== INSTRUCTIONS FOR THE TASK ==
An exact copy of every record, with no pictures, please.

== Collected data entries ==
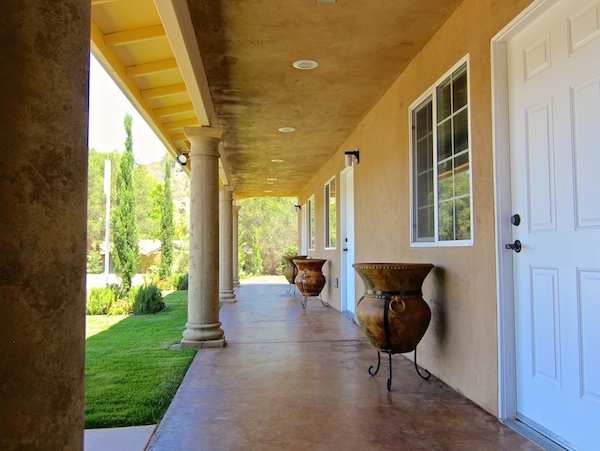 Villa Monticello Assisted Living 6 - outside walkway.jpg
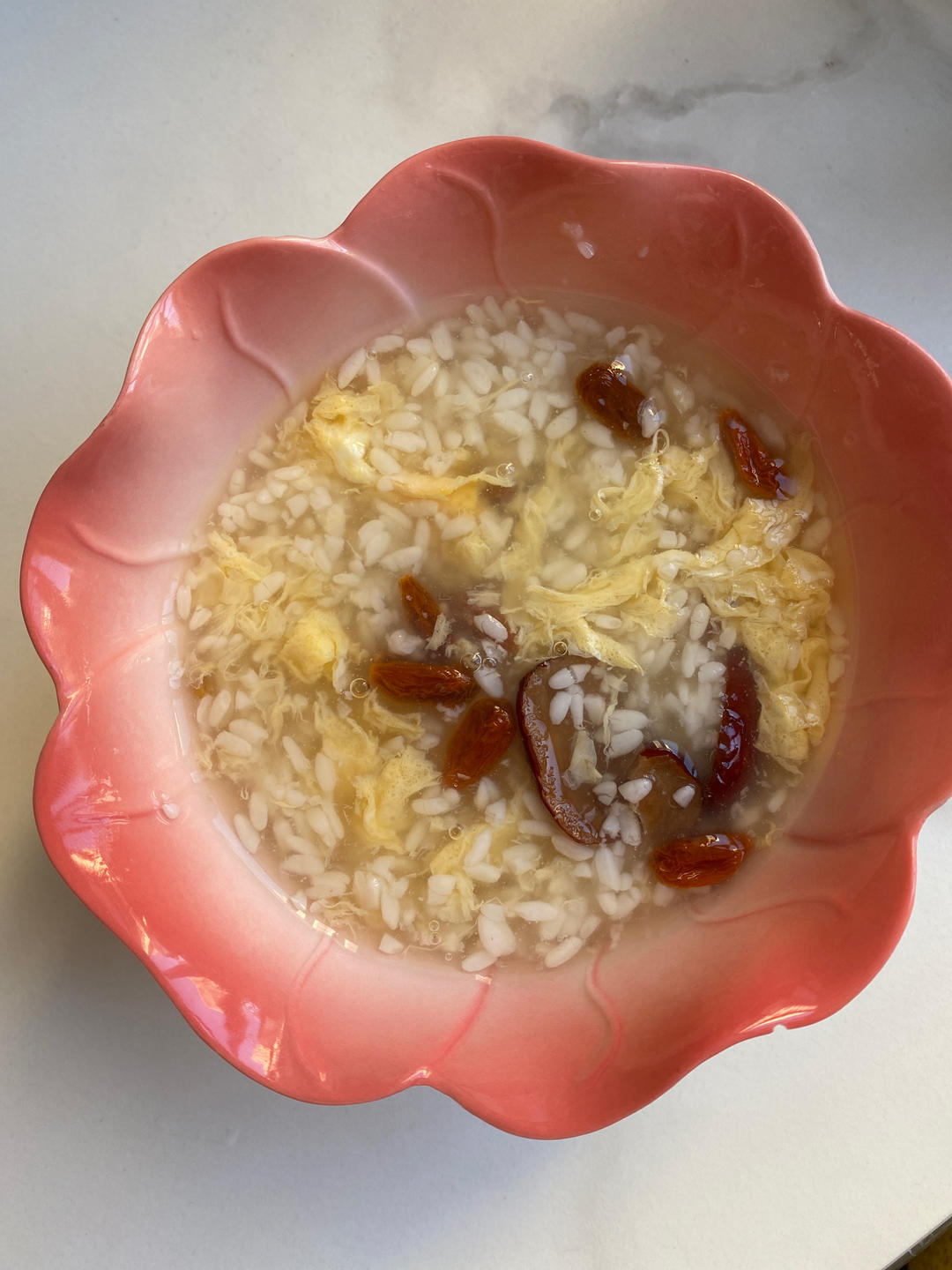 鸡蛋醪糟甜汤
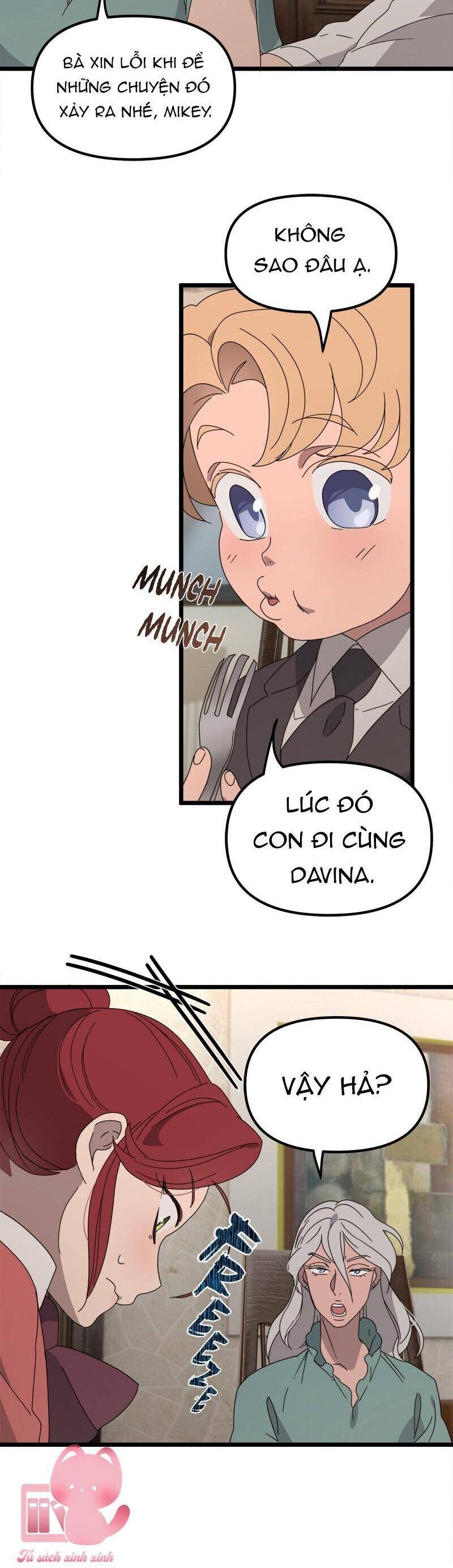 Bảo Mẫu Của Mafia: Chapter 53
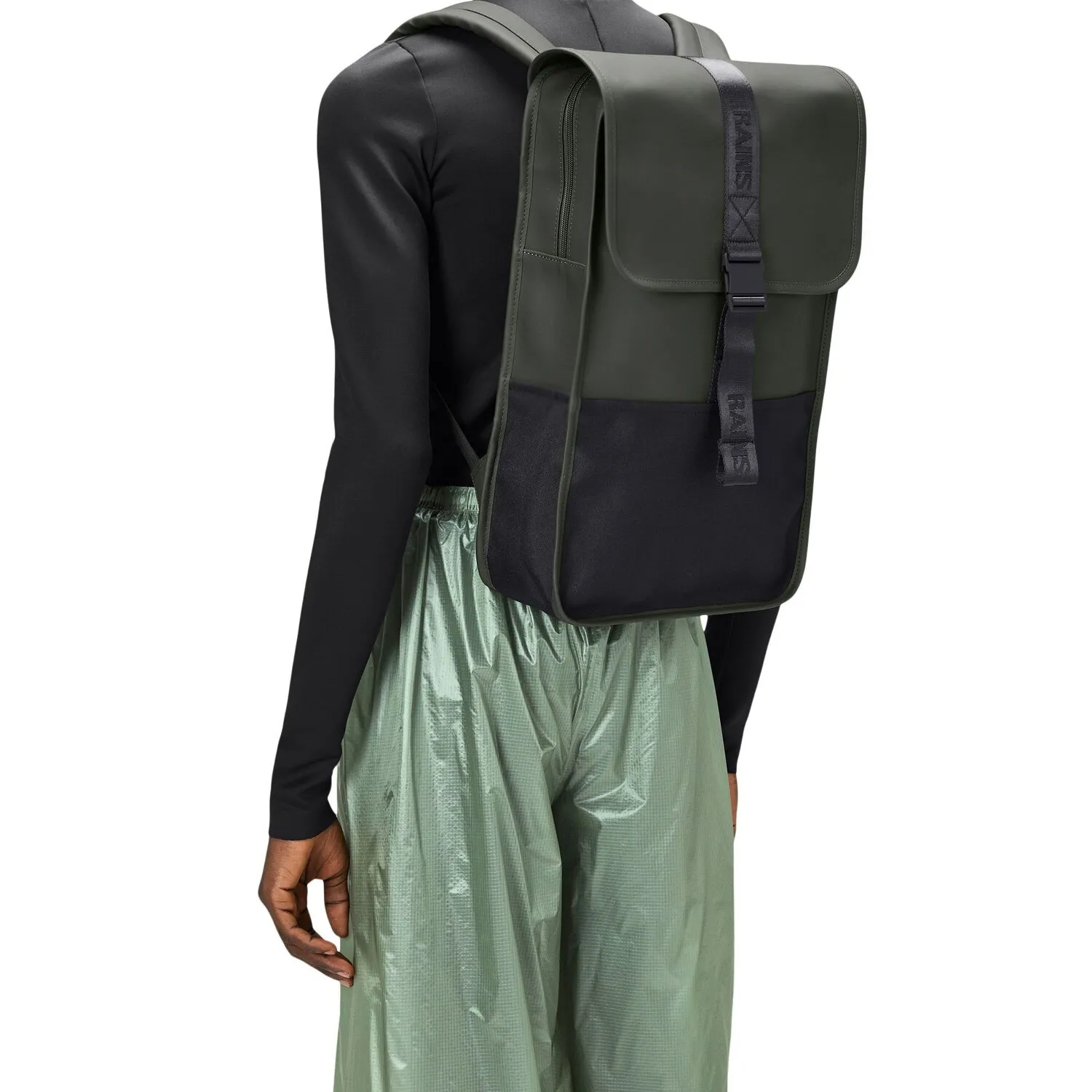 Rains Trail Zaino 47 cm Scomparto per laptop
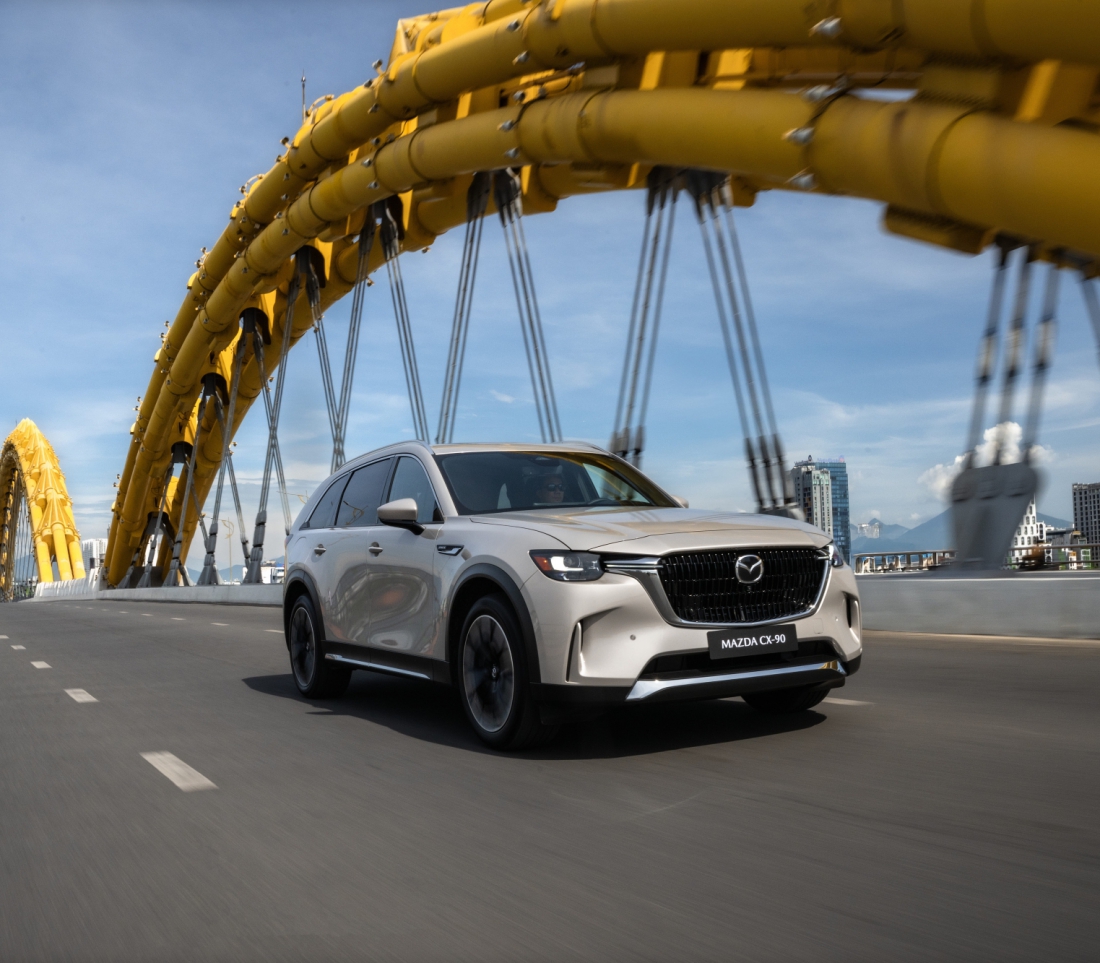 MAZDA CX-90 - SUV FLAGSHIP 7 CHỖ CỠ LỚN CHINH PHỤC KHÁCH HÀNG VIỆT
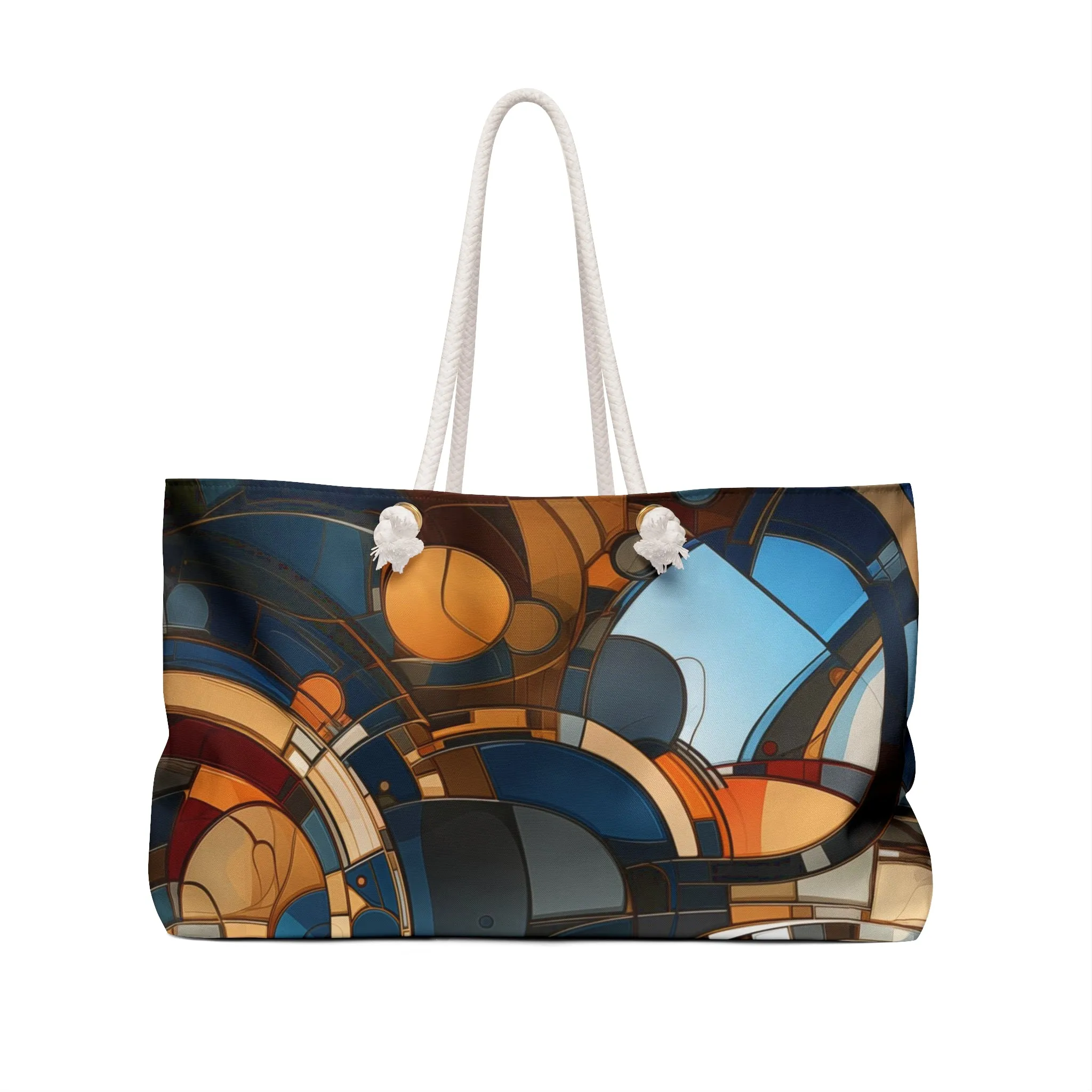 Weekender Bag - Arne Confucius 70s Sci Fi Nebula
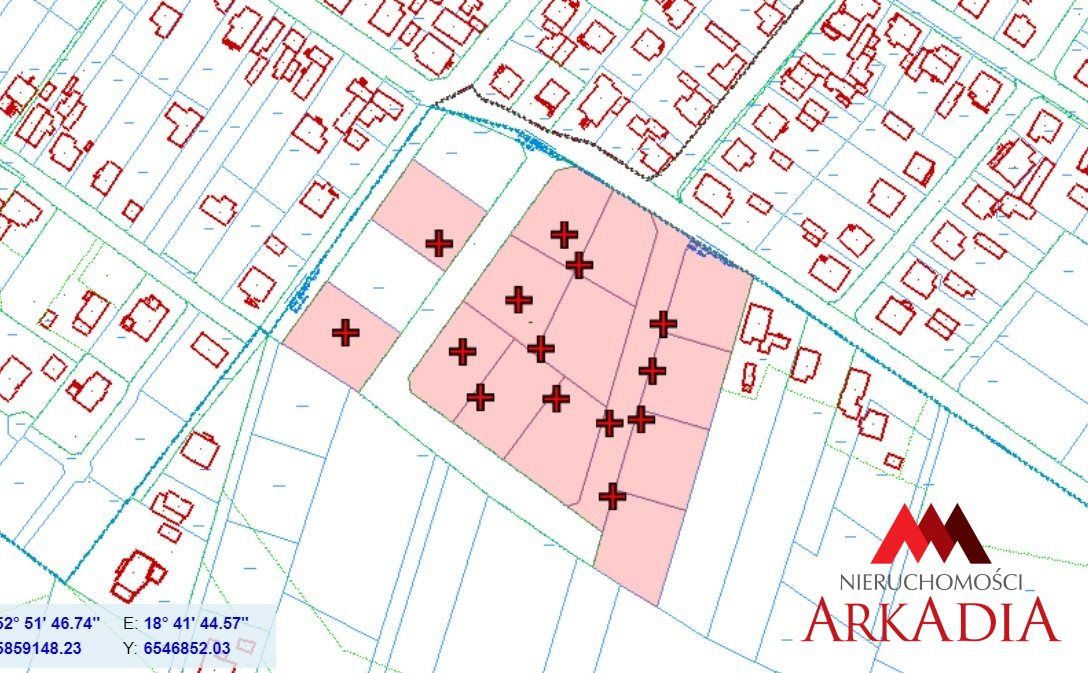 Działka budowlana Ośno. Zdjęcie 17
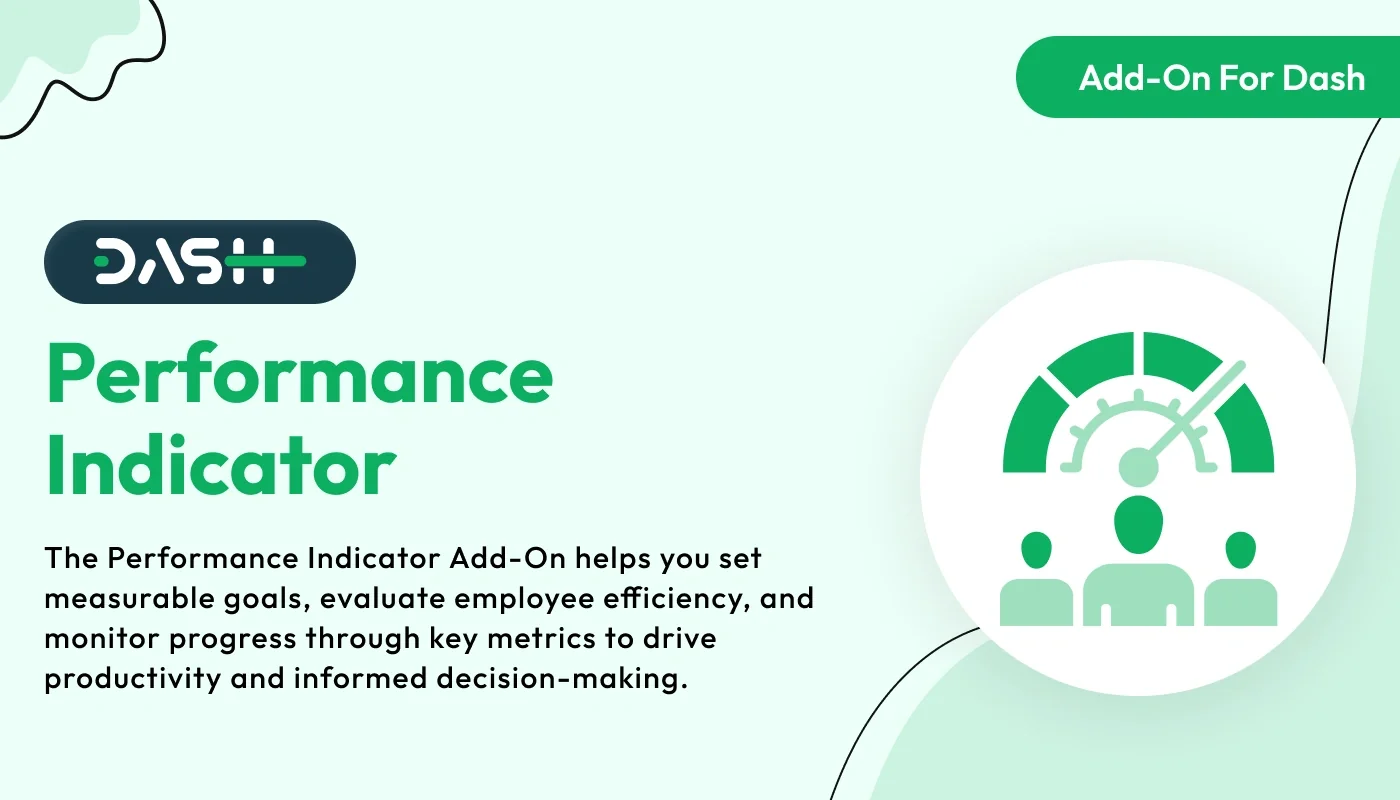 Performance Indicator – WorkDo Dash SaaS HR Add-On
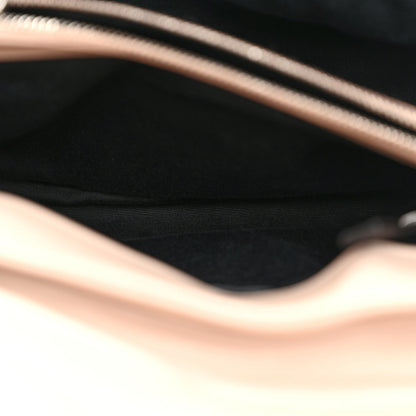Saint Laurent Calfskin Y Quilted Monogram Medium Loulou Chain Satchel Rose Antic 5 of 7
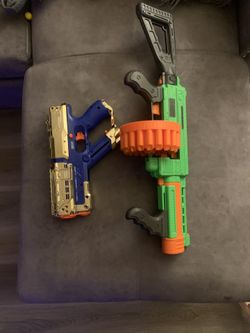 Nerf guns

== TASK SOLUTION ==
 Villa Monticello Assisted Living 6 - outside walkway.jpg
 鸡蛋醪糟甜汤
 Bảo Mẫu Của Mafia: Chapter 53
 Rains Trail Zaino 47 cm Scomparto per laptop
 MAZDA CX-90 - SUV FLAGSHIP 7 CHỖ CỠ LỚN CHINH PHỤC KHÁCH HÀNG VIỆT
 Weekender Bag - Arne Confucius 70s Sci Fi Nebula
 Działka budowlana Ośno. Zdjęcie 17
 Performance Indicator – WorkDo Dash SaaS HR Add-On
Saint Laurent Calfskin Y Quilted Monogram Medium Loulou Chain Satchel Rose Antic 5 of 7
 Nerf guns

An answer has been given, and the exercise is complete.